The cyber-threat landscape is dotted with a broad assortment of crimes, including identity and intellectual property theft, tax fraud, child exploitation, obstruction of justice, economic espionage, extortion, bullying, stalking, money laundering, terrorism, and even domestic violence. Cyber-criminals work at all levels from stealing the personal information of individuals to bringing down entire systems.

McAndrew pointed out that the physical and virtual worlds are becoming increasingly entwined on this landscape.

“Violent crimes on the street can now be solved with digital evidence,” he said. “Your phone is no longer a phone — it’s a witness with a near-perfect long-term memory and no bias. We’ve reached the point where we’re relying on devices to tell stories and humans to fill in the blanks.”

The cyber-landscape is populated by an alphabet soup of good guys — the DOJ, the SEC, the FCC, the FTC — battling bad-guy spies, thieves, and terrorists.

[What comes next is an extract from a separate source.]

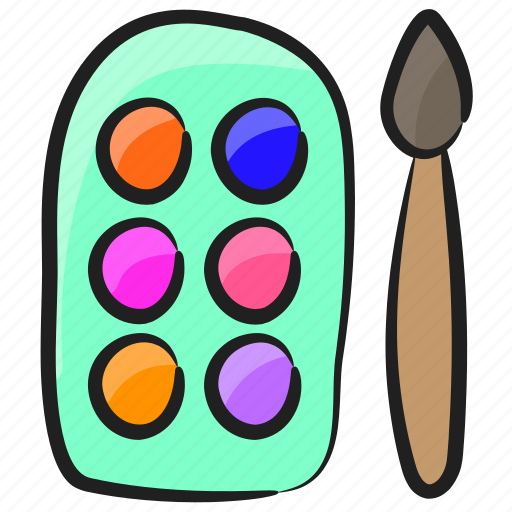 Art, color paints, paint pallette, paint tray, water colors icon - Download on Iconfinder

Journalists, security researchers, and cyber-investigative firms are also in the fight to identify, pursue, disrupt, and deter cyber-criminals.

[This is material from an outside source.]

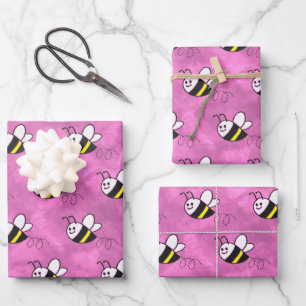 Cute Little Bee Pattern Watercolor Baby Shower Wrapping Paper Sheets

Because cyber-crime is so far-reaching and insidious, the job of assessing, mitigating, and responding to threats requires multidisciplinary teams of lawyers, crisis managers, IT and human resources specialists, and others.

“Every organization needs an up-to-date [cybersecurity] playbook,” McAndrew said.

A new battlefield

McAndrew talked about a recent major power failure in western Ukraine that may have been the world’s first cyber-attack on an infrastructure system. In the days and weeks after the outage, headlines across the Internet asked the question “Did Russia Kill Ukraine’s Electricity?” 

“This is a new front in warfare,” McAndrew said. “We’re fighting an asymmetrical threat where someone who can’t fight us on the battlefield may be able to beat us on the digital front.”

Cyber-crime can also inflict reputational harm, as in the case of the November 2014 cyber-attack on Sony Pictures Entertainment. The company paid millions of dollars to employees whose personal information was stolen and millions more to repair its damaged public image.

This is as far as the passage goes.